Have you ever seen a ghost? The Isle of Wight is reputed to be one of Britain’s most haunted places, and certainly has some exceptionally historic and mysterious nooks where one might expect the unexpected. But other than experiencing a blinding headache when stood between the gateposts of the erstwhile Knighton Gorges – location of many well-documented tragic events – I haven’t had any ghostly encounters.
I’m certainly not an expert in these matters, for that you’d need to pick the brains behind Ghost Island, but I have a casual interest.
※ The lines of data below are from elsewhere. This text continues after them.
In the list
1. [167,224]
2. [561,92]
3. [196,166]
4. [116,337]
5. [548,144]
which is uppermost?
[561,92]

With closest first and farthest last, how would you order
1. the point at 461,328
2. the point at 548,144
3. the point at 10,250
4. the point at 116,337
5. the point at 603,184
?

I’ve enjoyed hearing the stories of Lala the little girl who haunts Shooters Hill in Cowes – direct from people who have experienced unexplained goings-on. Some of Lala’s activities involve coins as, too, do those of the story of the ghost of the Castle Inn, Newport. In this ancient pub five pence pieces are left scattered about, as legend goes, placed as financial penance by a murdered stable lad. I went to a party there recently and recounted the story of the coins. A pint of so later a guest emerged from the loo to show me a photo he had taken of a five pence piece which lay enigmatically on the lavatory floor.
But it’s not just the souls of the long-departed that may (or most likely may not) be making their presence felt, it’s also the marks they made in their lifetimes. The Island has many examples of what are known as ‘ghost signs’. In Newport alone there’s faded evidence of Self’s ‘the noted pie shop’ near County Hall, while revellers were exhorted to ‘Commit No Nuisance’ by the Castle Inn.
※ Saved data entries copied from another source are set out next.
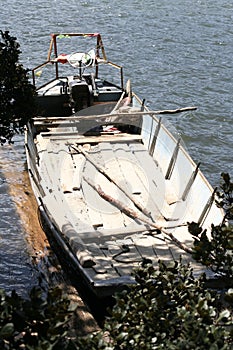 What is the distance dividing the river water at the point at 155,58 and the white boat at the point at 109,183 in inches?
62.1

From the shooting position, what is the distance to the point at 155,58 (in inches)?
1044

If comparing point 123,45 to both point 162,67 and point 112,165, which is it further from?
point 112,165

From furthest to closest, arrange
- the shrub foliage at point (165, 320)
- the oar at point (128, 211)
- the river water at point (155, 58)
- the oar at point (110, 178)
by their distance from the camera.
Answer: the river water at point (155, 58) → the oar at point (110, 178) → the oar at point (128, 211) → the shrub foliage at point (165, 320)

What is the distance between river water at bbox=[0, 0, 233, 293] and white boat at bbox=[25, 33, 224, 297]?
5.17ft

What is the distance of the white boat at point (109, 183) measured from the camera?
10.1 metres

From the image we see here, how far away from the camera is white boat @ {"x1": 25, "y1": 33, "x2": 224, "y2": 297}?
33.2 feet

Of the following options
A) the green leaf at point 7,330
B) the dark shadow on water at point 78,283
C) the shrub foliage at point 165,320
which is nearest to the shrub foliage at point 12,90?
the dark shadow on water at point 78,283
But what about the presence you can’t tangibly see? My dear pater loves to go to the National Portrait Gallery and ruminate over the paintings. He stares at the distance that the artist himself stared across and thinks about the close proximity of the sitter. Of course, the painting has been moved from its original studio, but what if you could also stand in the right space? Then nothing but time would separate you.
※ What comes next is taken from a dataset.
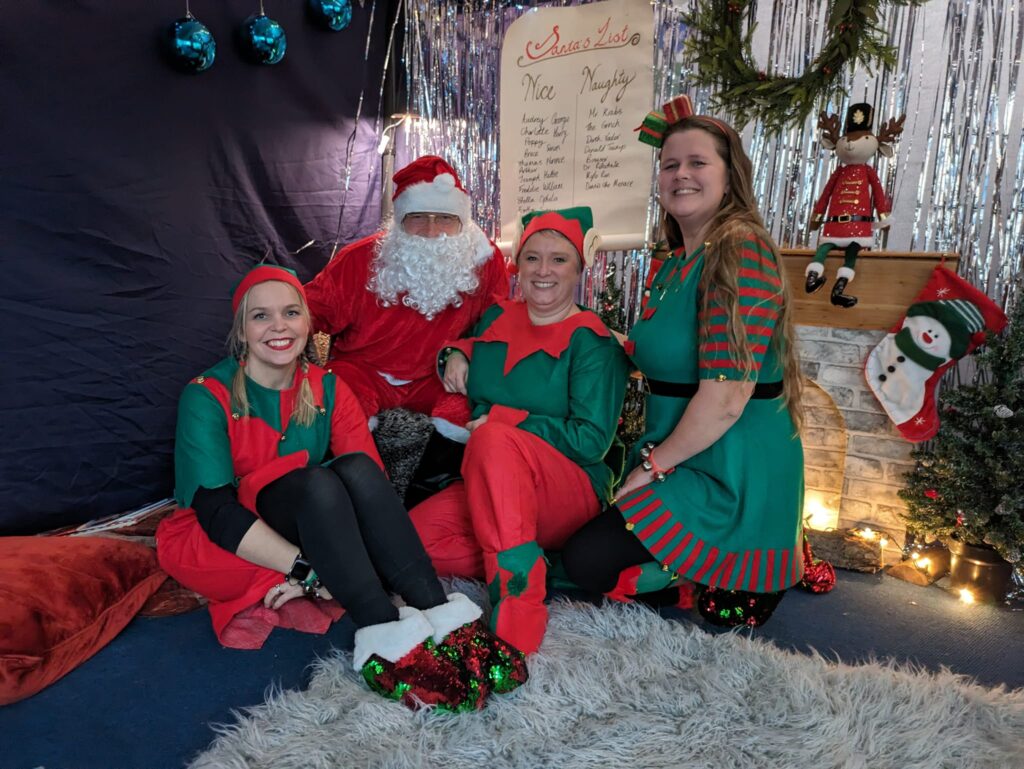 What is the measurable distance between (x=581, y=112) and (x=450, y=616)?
265 centimetres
I remember gawping at Hanover Point’s dinosaurs footprints and imagining the great iguanodontid bearing down on me. I’ve looked at Queen Victoria’s bathroom and the bed in which the monarch passed away, and considered her last breath some hundred-odd years later. I’ve also been to Ventnor Winter Gardens where, in July 1984, It Ain’t Half Hot Mum‘s Don Estelle performed in the Star Cabaret. Like the dinosaur and the old queen, Don is no longer with us but I imagined him, in that auditorium, entertaining the fifty-two people that turned up. Not a ghost perhaps, but he occupied that space, just in a different time.
This article first appeared in print in the Isle of Wight County Press on 5 March 2017.